An analysis of the diary shows how the early settler colonial pursuits of the Dutch settlers influenced land distribution, and Indigenous power structures in the Soutpansberg region for the remainder of the nineteenth century. It seeks to answer the question: was the Mfecane the single consequence of the choices of Shaka Zulu? It will show that the Mfecane happened in a more interconnected context with the settler colonial pursuits of the Boers in the South African interior.
Paper short abstract:
Through their long migrations from South Africa, a group of Ngoni warriors settled in Burundi in the 1880s with a new identity, known as the Bagina clan. However, their settlement in Burundi posed problems for their integration in the Burundi society based on Hutu and Tutsi dichotomy.
Paper long abstract:
Historical research on Burundi (Mworoha 1987, Chrétien 1993) has shown that the Kingdom of Burundi in the 19th century was involved in many wars. Among these, Mworoha (1987 : 239-240) accounts for raids of the Ngoni in Eastern Burundi (ca. 1880-1890). He goes on saying that the political-military Zulu revolution initiated by Shaka at the beginning of the 19th century reached the shores of Lake Tanganyika. A group of Ngoni settled in the south-west of Lake Victoria, from where they launched raids on Burundi in the 1880s. Buyogoma (Eastern province of Burundi) suffered from the attacks of these terrible Ngoni warriors whom the Barundi people called the Babwibwi, which means "Barbarians".

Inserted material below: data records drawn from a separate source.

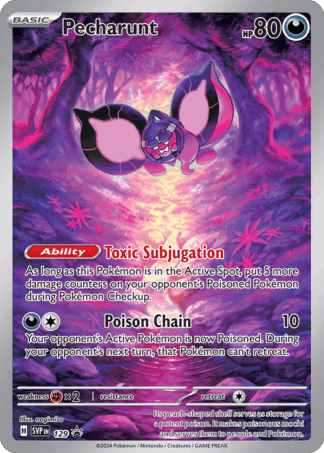 Pecharunt - Scarlet & Violet Black Star Promos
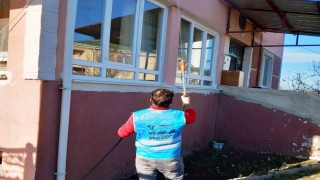 Tekkeköyde kahverengi kokarcayla kışlak savaşı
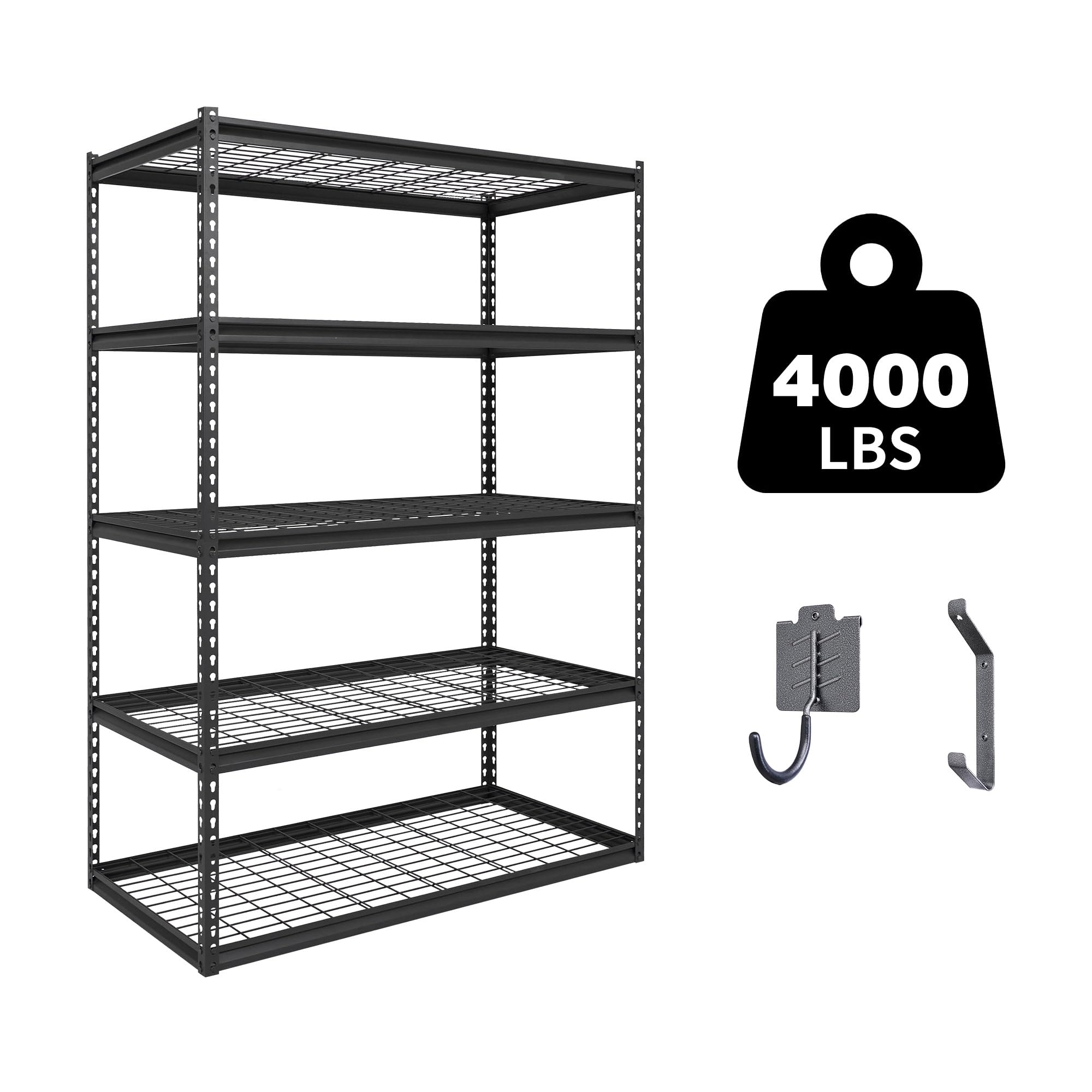 Shuntong B-ATLAS482472-5D1000 Free-Standing-Shelving - View #7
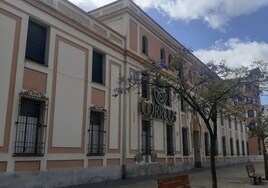Antigua sede de Correos en Huelva capital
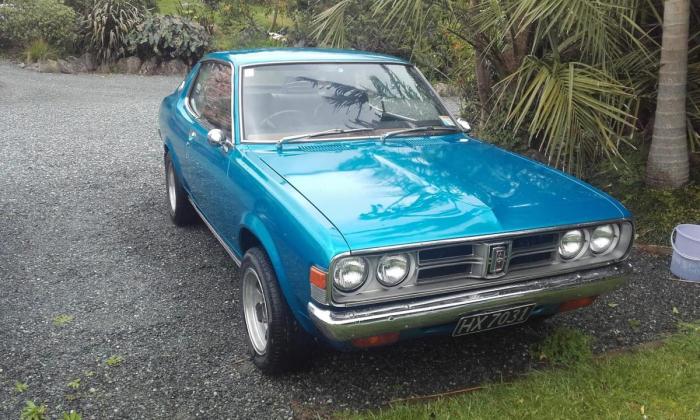 1976 Mitsubushi Galant hardtop coupe restored blue NZ image (1).jpg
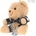 Плюшено мече, сладко, стилно и провокативно - Yogi Teddy Bear 1 (D-242101)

A small group these Ngoni warriors settled in Eastern Burundi, and from these a new social group emerged, the Bagina clan. They were soon integrated among the Barundi people. Chrétien (1994) maintains that the Bagina were enrolled by local chiefs in eastern Burundi because they were appreciated for their knowledge in war tactics, magics, and healing powers.
This study seeks to show how Ngoni migrations from the Mfecane process affected the Barundi people who lived in the Great Lakes region, thousands of miles away from South-Africa. It examines the challenges of settlement of a group of Ngoni in the Burundi society, inventing a new identity, i.e. the Bagina clan. The study addresses also the problem of integration of the newcomers in the Barundi society, especially with respect to the Hutu / Tutsi dichotomy which was unknown to them.